Indie rock is
a genre of alternative rock that originated in the United Kingdom and
the United States in the 1980s. Indie rock is extremely diverse, with
sub-genres that include indie pop, jangle pop, C86, and lo-fi,
among others. Originally used to describe record labels, the term became
associated with the music they produced and was initially used interchangeably
with alternative rock. As grunge and punk
revival bands in the US, and then Britpop bands in the UK, broke
into the mainstream in the 1990s, it came to be used to identify those acts
that retained an outsider and underground perspective. In the 2000s, as a
result of changes in the music industry and the growing importance of the
Internet, a number of indie rock acts began to enjoy commercial success,
leading to questions about its meaningfulness as a
term. The
term indie rock,
derived from "independent," describes the small and relatively
low-budget labels on which it is released and
the do-it-yourself attitude of the bands and artists involved.
In the mid-1980s, the term
"indie" began to be used to describe the music produced on
post-punk labels
rather than the labels themselves. The indie
rock scene in the US was prefigured by the college rock that
dominated college radio playlists, which included key bands
like R.E.M. from the US and The Smiths from the UK.
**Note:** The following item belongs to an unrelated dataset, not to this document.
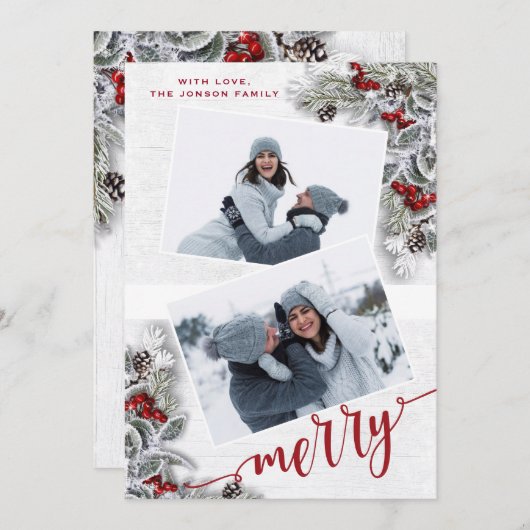 KerstHolly Pine Rustic Photo Holiday Card Feestdagenkaart (Voorkant / Achterkant)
The 1990s brought major changes to
the alternative rock scene. Grunge bands such as
Nirvana, Pearl
Jam, Sound
garden, Hole,
and Alice in Chains broke into the mainstream, achieving commercial
chart success and widespread exposure. Punk revival bands
like Green Day and The Offspring also became popular and
were grouped under the "alternative" umbrella. Similarly,
in the United Kingdom Britpop saw bands
like Blur and Oasis emerge into the mainstream, abandoning
the regional, small-scale and political elements of the
1980s indie scene.
By the end of the 2000s the
proliferation of indie bands was being referred to as "indie landfill", a
description coined by Andrew Harrison of The Word magazine, and
the dominance of pop and other forms of music over guitar-based
indie was leading to predictions of the end of indie rock. However, there
continued to be commercial successes like Kasabian's West Ryder Pauper Lunatic Asylum (2009),
which reached number one in the UK. In
2010, Canadian band Arcade Fire's album The Suburbs
reached
number
one on the Billboard charts in the United States and the official chart in the
United Kingdom, winning a Grammy for Album of The Year.